Matter of Chance Y. (Danielle Y.)

Matter of Chance Y. (Danielle Y.) (2019 NY Slip Op 07032)
Matter of Chance Y. (Danielle Y.)
2019 NY Slip Op 07032
Decided on October 1, 2019
Appellate Division, First Department
Published by New York State Law Reporting Bureau pursuant to Judiciary Law § 431.
This opinion is uncorrected and subject to revision before publication in the Official Reports.


Decided on October 1, 2019
Friedman, J.P., Tom, Webber, Gesmer, Oing, JJ.

9973A 9973

[*1] In re Chance Y., and Another, Dependent Children Under the Age of Eighteen Years, etc., Danielle Y., Respondent-Appellant, Administration for Children's Services, Petitioner-Respondent.




Larry S. Bachner, New York, for appellant.

Zachary W. Carter, Corporation Counsel, New York (Antonella Karlin of counsel), for respondent.

Dawne A. Mitchell, The Legal Aid Society, New York (Polixene Petrakopoulos of counsel), attorney for the children.



Order of disposition, Family Court, New York County (Clark V. Richardson, J.), entered on or about January 5, 2018, to the extent it brings up for review a fact-finding order, same court and Judge, entered on or about August 23, 2017, which found that respondent neglected the subject children, unanimously affirmed, without costs.
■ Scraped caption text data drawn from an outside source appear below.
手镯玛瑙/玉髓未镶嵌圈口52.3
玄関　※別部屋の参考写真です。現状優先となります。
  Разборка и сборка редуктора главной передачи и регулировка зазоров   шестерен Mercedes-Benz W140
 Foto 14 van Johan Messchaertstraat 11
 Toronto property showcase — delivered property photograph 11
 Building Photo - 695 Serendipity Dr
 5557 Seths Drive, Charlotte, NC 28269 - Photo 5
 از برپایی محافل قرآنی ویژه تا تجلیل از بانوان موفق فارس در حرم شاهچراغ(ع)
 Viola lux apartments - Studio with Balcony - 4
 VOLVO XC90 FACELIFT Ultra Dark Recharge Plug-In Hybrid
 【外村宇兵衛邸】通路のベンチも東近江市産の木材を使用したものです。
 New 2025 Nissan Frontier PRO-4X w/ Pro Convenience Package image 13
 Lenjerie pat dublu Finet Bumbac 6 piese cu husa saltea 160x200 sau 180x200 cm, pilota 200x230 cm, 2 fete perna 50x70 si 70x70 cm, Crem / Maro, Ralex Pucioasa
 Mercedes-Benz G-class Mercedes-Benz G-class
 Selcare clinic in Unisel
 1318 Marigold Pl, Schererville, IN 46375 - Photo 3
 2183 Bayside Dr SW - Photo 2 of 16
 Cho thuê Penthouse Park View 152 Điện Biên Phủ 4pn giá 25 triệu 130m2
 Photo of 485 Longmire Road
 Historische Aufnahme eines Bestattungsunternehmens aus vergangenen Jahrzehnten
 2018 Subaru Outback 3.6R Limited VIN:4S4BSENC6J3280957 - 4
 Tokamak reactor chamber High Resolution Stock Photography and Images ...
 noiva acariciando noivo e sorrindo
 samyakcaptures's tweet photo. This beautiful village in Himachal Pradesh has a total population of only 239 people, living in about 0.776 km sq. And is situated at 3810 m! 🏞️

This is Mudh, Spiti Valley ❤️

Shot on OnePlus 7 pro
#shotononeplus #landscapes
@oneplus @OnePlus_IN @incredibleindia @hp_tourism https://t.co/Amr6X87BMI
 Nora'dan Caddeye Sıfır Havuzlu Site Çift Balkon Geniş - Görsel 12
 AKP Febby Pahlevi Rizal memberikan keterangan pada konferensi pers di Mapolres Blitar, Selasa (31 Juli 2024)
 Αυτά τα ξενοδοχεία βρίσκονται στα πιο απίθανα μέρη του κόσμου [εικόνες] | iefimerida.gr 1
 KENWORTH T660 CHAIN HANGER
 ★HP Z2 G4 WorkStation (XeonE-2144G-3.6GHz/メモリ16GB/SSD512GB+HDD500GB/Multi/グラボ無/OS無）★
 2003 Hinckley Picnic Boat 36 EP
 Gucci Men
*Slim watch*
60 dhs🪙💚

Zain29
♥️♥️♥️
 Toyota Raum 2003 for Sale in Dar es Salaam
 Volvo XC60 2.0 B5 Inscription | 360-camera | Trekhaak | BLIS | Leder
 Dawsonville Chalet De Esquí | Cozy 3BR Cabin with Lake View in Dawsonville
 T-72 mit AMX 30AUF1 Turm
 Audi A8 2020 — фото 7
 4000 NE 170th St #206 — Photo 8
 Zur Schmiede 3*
Appeal from fact-finding order unanimously dismissed, without costs, as subsumed in the appeal from the order of disposition.

Respondent failed to preserve her argument that Family Court Act § 1046(b)(i) violates the Constitution insofar as it permits a child to be removed from a parent's care and placed into foster care upon evidence that is less than clear and convincing. In any event, the argument is unavailing. "In a fact-finding hearing to determine whether a child is abused or neglected, the provision of Family Court Act § 1046(b) that a finding of neglect must be based on a preponderance of the evidence' affords due process under the Federal Constitution" (Matter of Tammie Z., 66 NY2d 1, 3 [1985]).

The finding of neglect is supported by a preponderance of the evidence, which showed that respondent was paranoid and delusional, which affected her ability to care for the children (see Matter of Ruth Joanna O.O. [Melissa O.], 149 AD3d 32 [1st Dept 2017], affd 30 NY3d 985 [2017]). When the petition was filed, the children, who were then three years old and one year old, were dependent on respondent's care. Medical records demonstrate that respondent showed signs of delusional disorder, paranoid schizophrenia, brief psychotic disorder, and depression with psychosis. Other evidence demonstrates that respondent made repeated unfounded allegations of physical and sexual abuse against her mother's longtime male companion, including the allegation that the children, who were nonverbal, articulated sentences describing sexual abuse, and that the companion had burned the children's hands and feet, although a physical examination revealed no marks on them. Respondent also insisted that the children [*2]undergo further invasive medical examinations because she was not satisfied that the reports showed no sign of abuse.

THIS CONSTITUTES THE DECISION AND ORDER

OF THE SUPREME COURT, APPELLATE DIVISION, FIRST DEPARTMENT.